Yup that is the one, need to mix first. If you have it at home, why don't you use it? it is quite simple. The material used in softdrink bottle is somewhat un glueable. I can't remember the material name and I found only epoxy work with it. You also need to scratch the surface to get better grip.

----------


## hebi

what do you mean by scratch? so do i glue the screw part of metal thing in or apply the glue at the tiny gap ?

----------


## Shadow

You are using screw? Can you just tighten it up?

I was thinking that you just drill hole in the bottle cap and slot in the air hose connector.

You can scratch the surface of the bottle using pen knife

----------


## hebi

ya i using those screw kind. but although can tighten, still got slight leak at the hole there coz when you screw in, the cap will light dent in slightly. do you think epoxy glue can glue plastic and metal together?

----------


## blackghost

cheapest solution is to use blu tack.. the one used as stationery.. 

just apply and makes sure there is no holes..

or you can get a tube of silicon, 1 small tube about 4 dollars.. can get from hardware shop or LFS.

cheers

----------


## bossteck

If you're using a screw-type air tube connector, another cheap solution I can think of is to use those white teflon tape (commonly referred to as white tape or plumbing tape), wrap a few round around your tube connector and screw it back into the bottle cap, should be able to achieve a better seal.

----------


## hebi

ok. think blu-tac easier to use and cover. what about plastacine? also can right?

----------


## Shadow

Agreed, if it screw type, just use blu-tac to seal the leak.

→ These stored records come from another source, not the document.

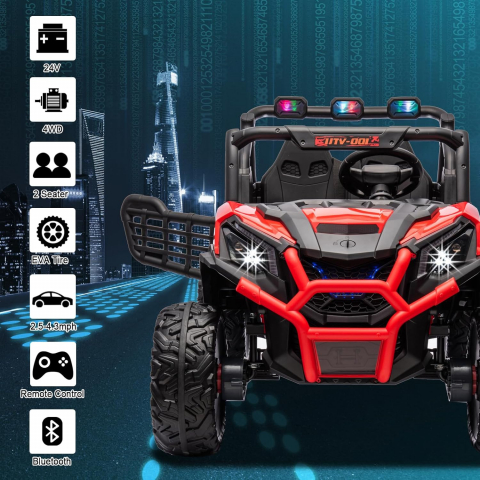 Buggy XXL UTV electric copii 4x4 cu doua locuri si telecomanda [14]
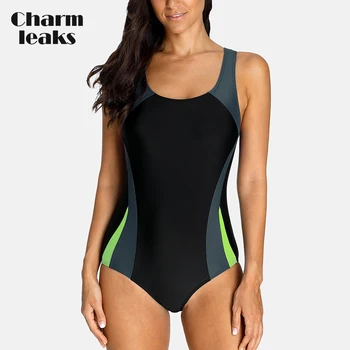 Charmleaks Jeden Kus Ženy, Športové Plavky Športové Plavky Patchwork Plážové Oblečenie Plavky Čalúnená Bikiny Monikini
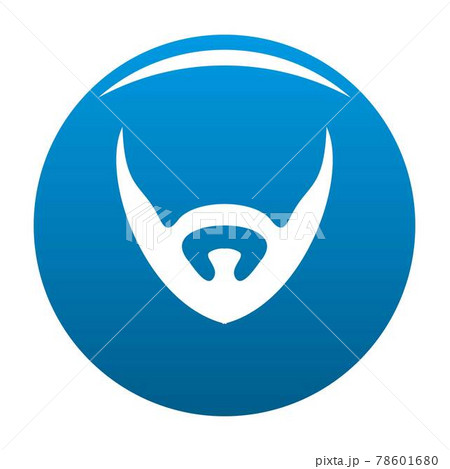 Short beard icon blue vector 78601680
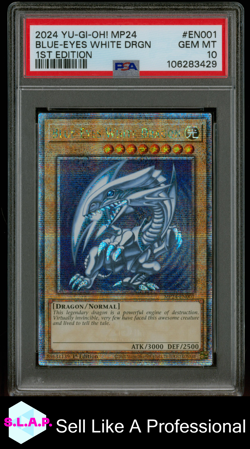 BLUE EYES WHITE DRGN YUGIOH MP24001 2024 DUEL MIRROR QUARTER CEN 1ST ED PSA 10 - Image 1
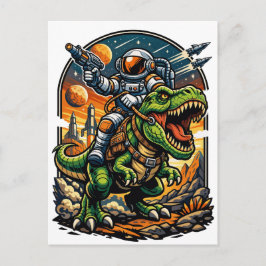 Postal Astronauta montando un T-Rex – Dinosaurio Espacial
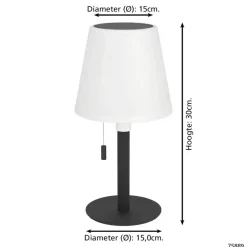 Tafellampen-EGLO Montapalma Tafellamp buiten - LED - Zwart, Wit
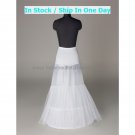 Mermaid White Nylon 2 Layer 2 Hoops Wedding Petticoat Dress Adjustable Bridal Bustle Crinoline P5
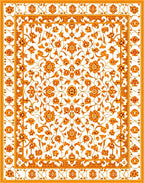 Golden Floral Intricate Patterned Rug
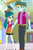 Size: 591x883 | Tagged: safe, screencap, brim marco, juniper montage, human, dashing through the mall, equestria girls, equestria girls specials, g4, my little pony equestria girls: better together, my little pony equestria girls: holidays unwrapped, canterlot mall, clothes, cropped, female, glasses, hair ornament, male, skirt, sun visor, vest, visor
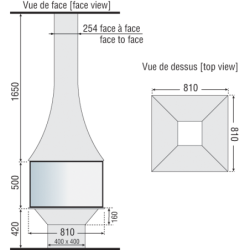Plieninis židinys Bordelet Julietta 985, centrinis, su stiklu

By the way where did you get the screw type air tube connector?

----------


## hebi

C328, all the airstones and equipments there. got think thats the only place got sell this kind in the west side.

----------


## hebi

sorry asking newbish questions, but yesterday i made another bottle and connect the 2 bottle to a connector, and all my connectors have a 'switch' to airflow. so i thought it will need some time to build up pressure in both bottle for it to push the CO2 into the water. strangely, for my brand new bottle, its already producing CO2 and i have test for signs of leaks but the water level in the tube connected to the main connector is not decreasing. so i decided to 'switch off' the side from the new bottle and just use the old CO2 bottle, which is still producing CO2. now, it can push CO2 out of the bottle, but after maybe a few bubbles, the water level start to rise till halfway then stop, lower than when using the 2 bottles together. why is this so? really strange. :Huh?:

----------